= Exercise brief =
Everything from the line containing "MAC-2000 euro, ибп" through the last line of the listing below should be returned exactly, except for pictures.

---------------

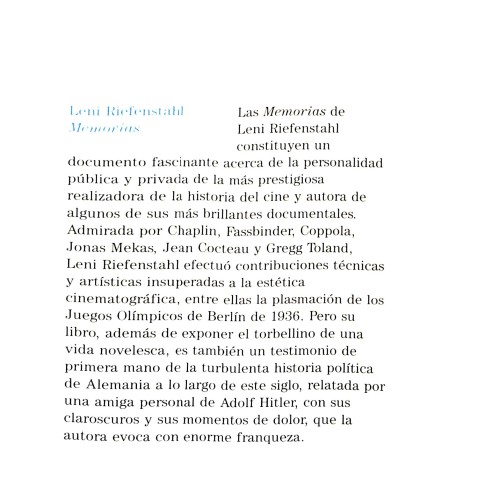 Memorias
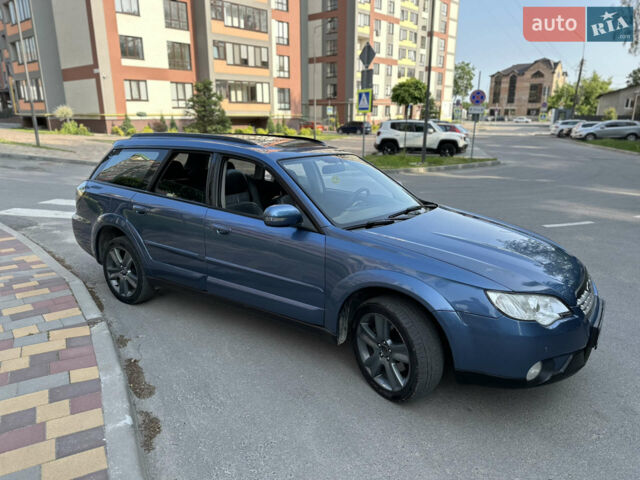 Синий Субару Аутбек, объемом двигателя 2.5 л и пробегом 260 тыс. км за 7300 $, фото 5 на Automoto.ua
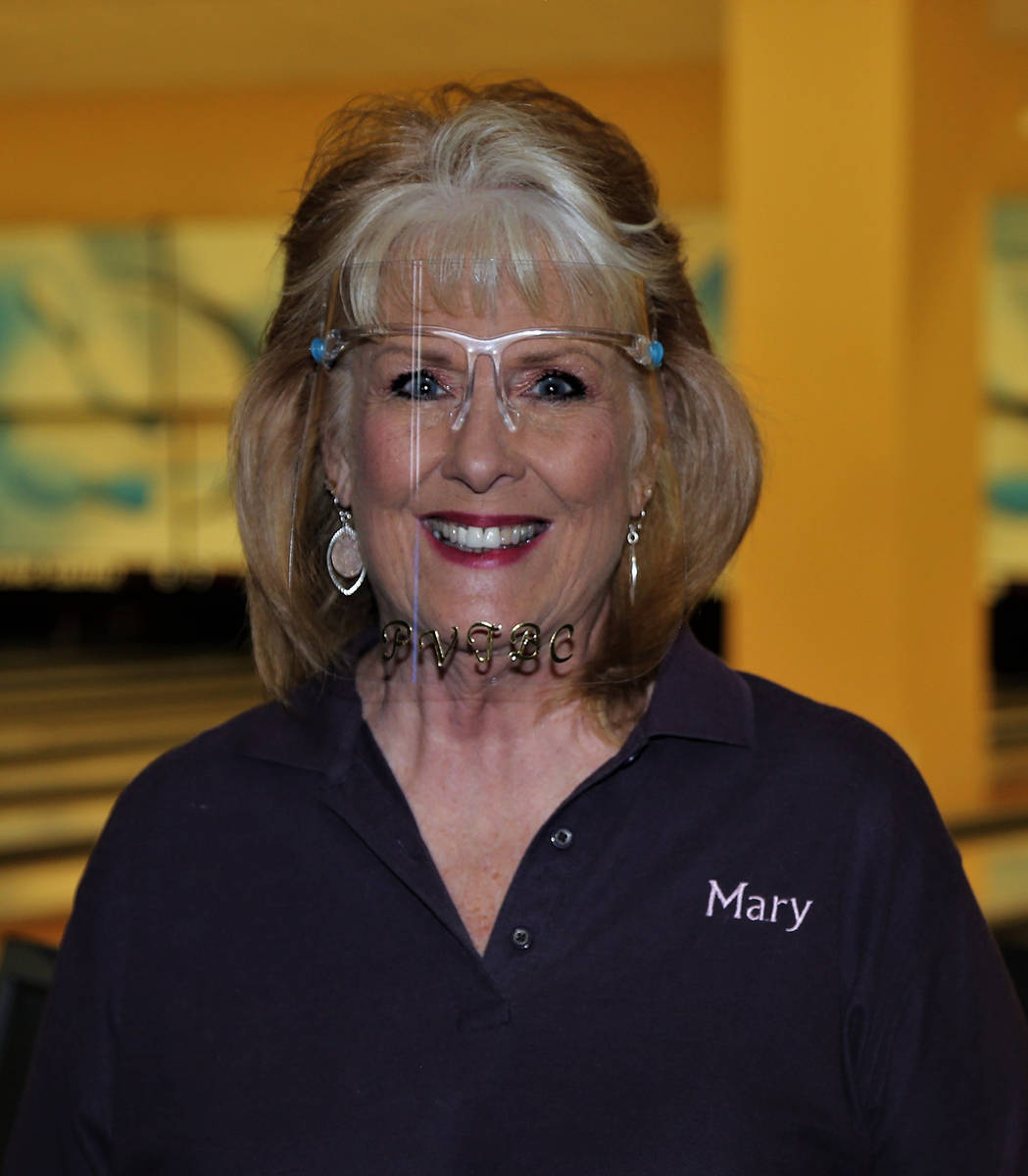 Randy Gulley/Special to the Pahrump Valley Times Mary Neese rolled games of 284, 265 and 300 fo ...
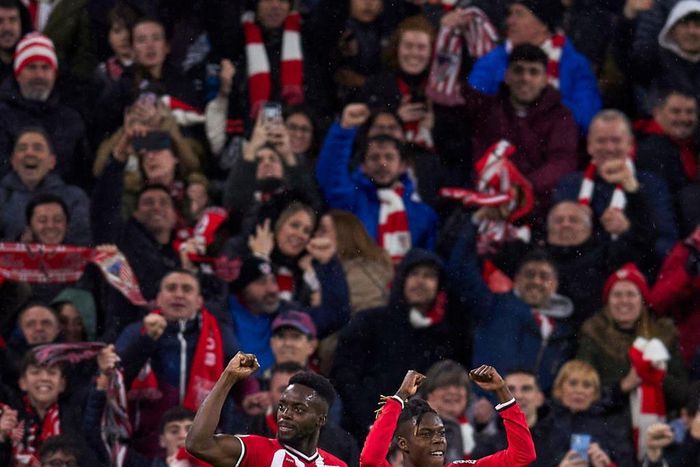 Video: Inaki Williams scores wonder goal against Atletico Madrid in Copa del Rey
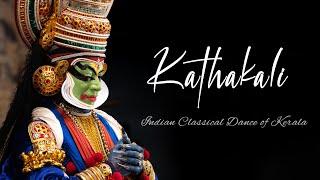 Kathakali Dance  Indian Classical Dance of Kerala  #kathakali #kerala #traditional #dance #vlog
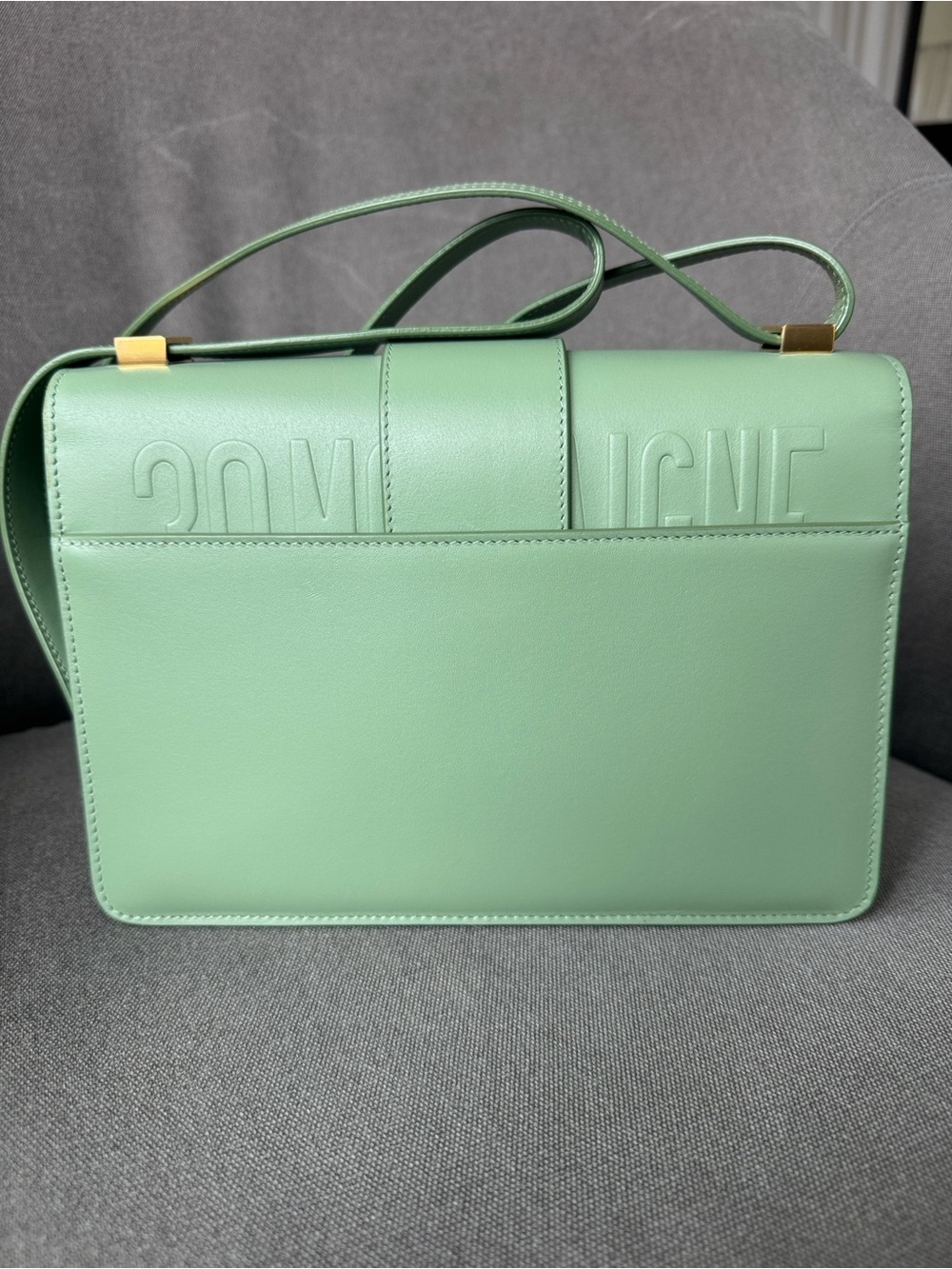 Dior 30 Montague Crossbody with Gold CD Hardware - Picture 2 of 12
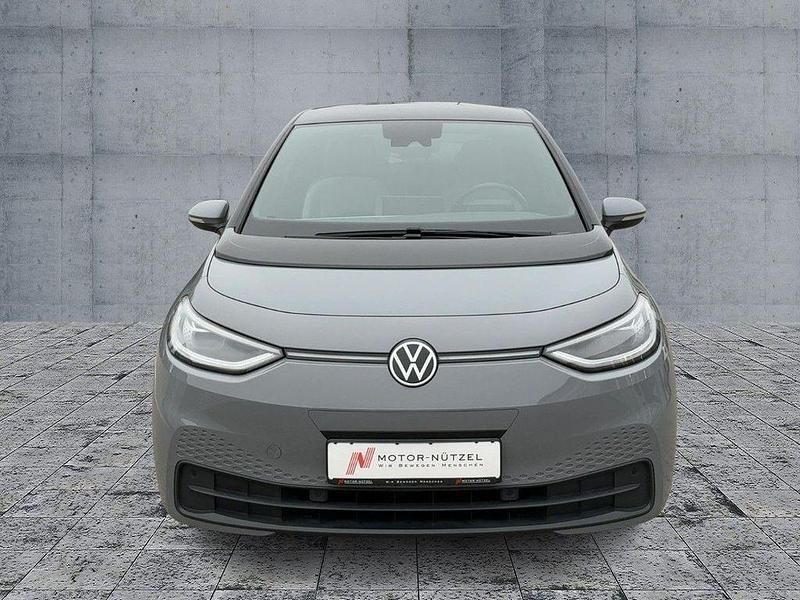 Gebraucht VW ID.3 Pro 150 kW (204 PS) 2021 Grau Kleinwagen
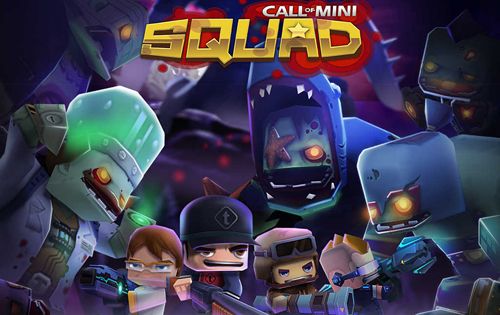 Scaricare gioco Azione Call of Mini: Squad per iPhone gratuito.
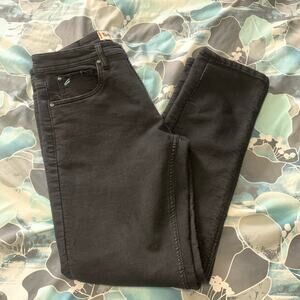 NWOT Men's Tailor vintage black straight leg jeans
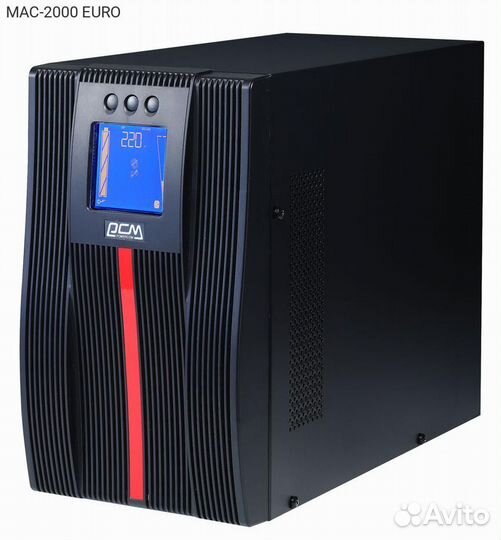 MAC-2000 euro, ибп Powercom Macan MAC-2000 euro 20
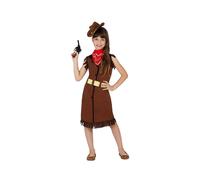 Atosa Costume Da Bambina Cowgirl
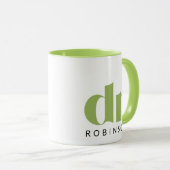 Mug dr. [Nom personnalisé] (Devant droit)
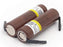 Solder Tab High Discharge 3000 mAh 18650 3.7V Rechargeable Batteries from PMD Way with free delivery worldwide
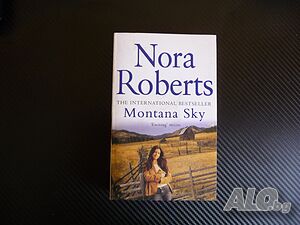 Nora Roberts - Montana Sky Нора Робъртс роман романтика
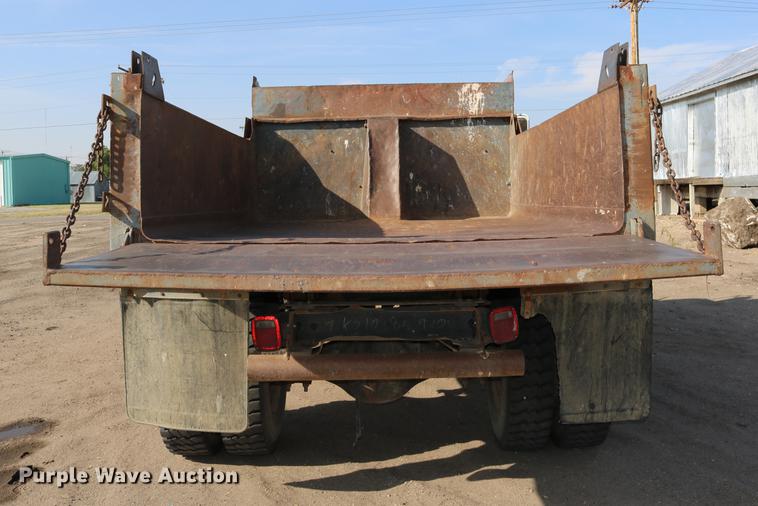 image for item DD0116 1987 Chevrolet C70 dump truck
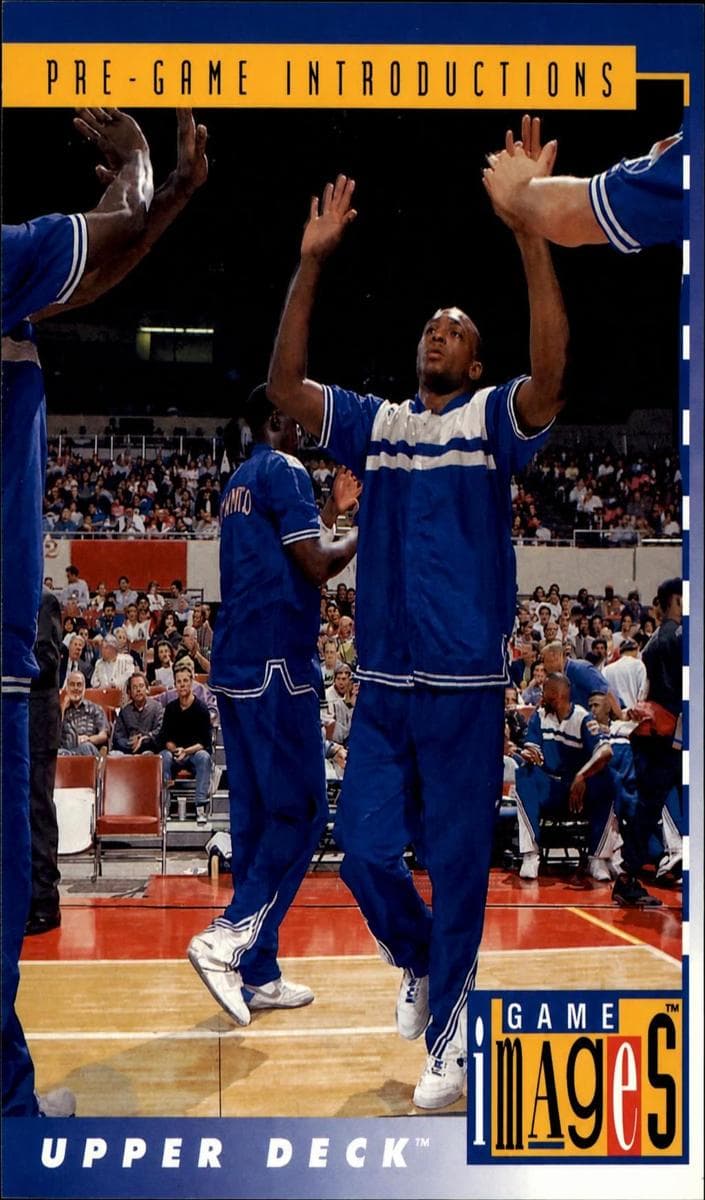Mitch Richmond 1993 upper-deck Upper Deck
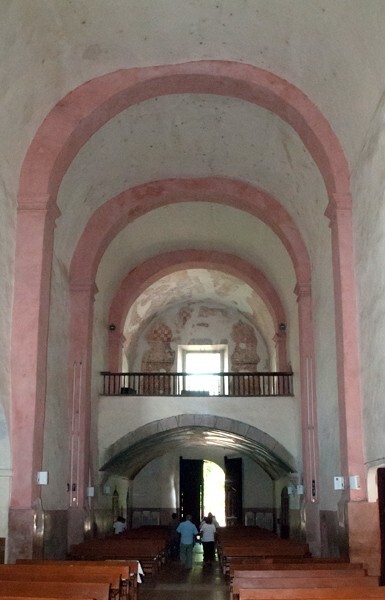 La Asunción, nave & choir - Yautepec, Morelos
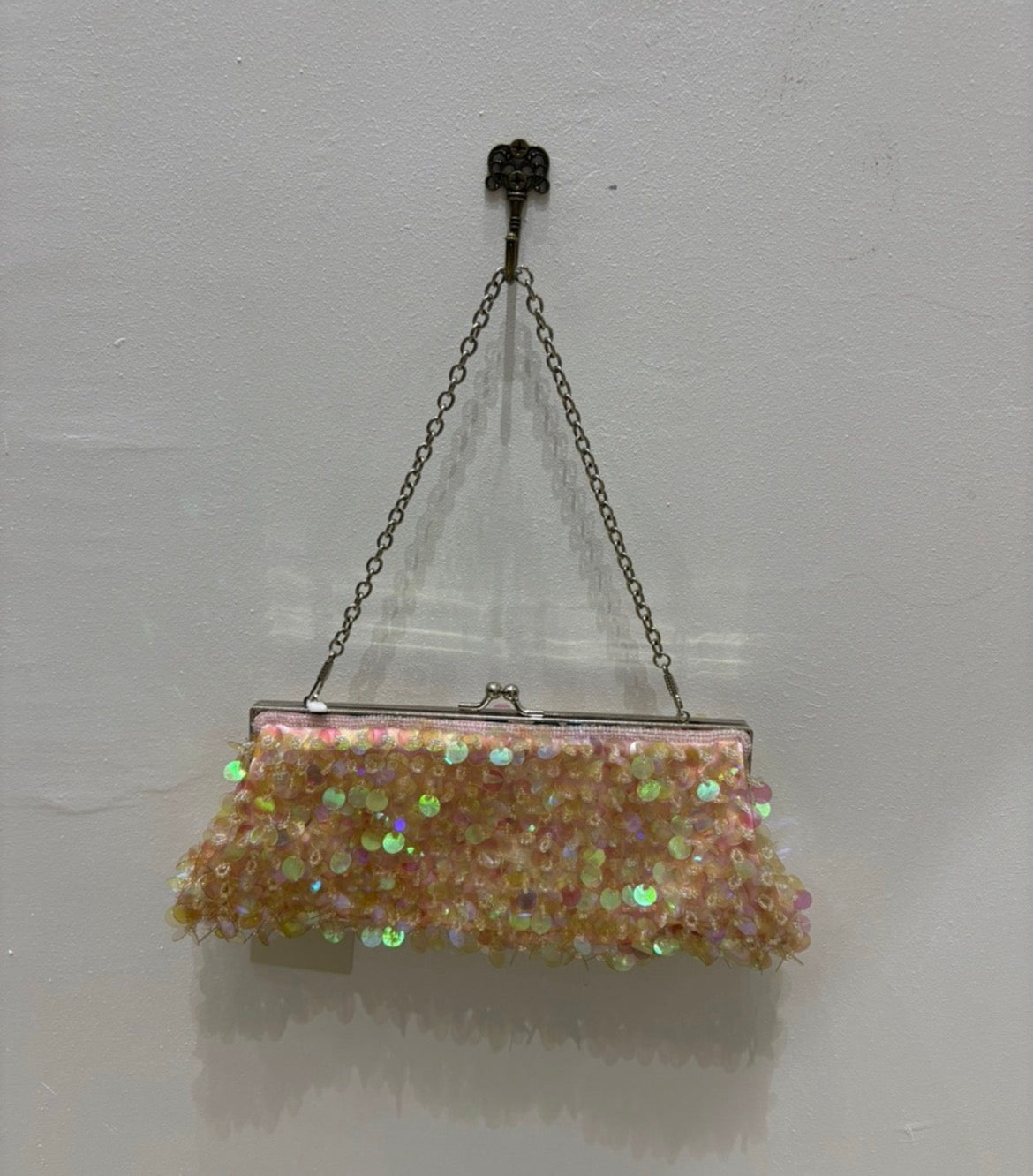 The Blush Cascade Bag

---------------

= Response =
 MAC-2000 euro, ибп Powercom Macan MAC-2000 euro 20
 Atosa Costume Da Bambina Cowgirl
 Mug dr. [Nom personnalisé] (Devant droit)
 Solder Tab High Discharge 3000 mAh 18650 3.7V Rechargeable Batteries from PMD Way with free delivery worldwide
 Nora Roberts - Montana Sky Нора Робъртс роман романтика
 image for item DD0116 1987 Chevrolet C70 dump truck
Mitch Richmond 1993 upper-deck Upper Deck
 La Asunción, nave & choir - Yautepec, Morelos
 The Blush Cascade Bag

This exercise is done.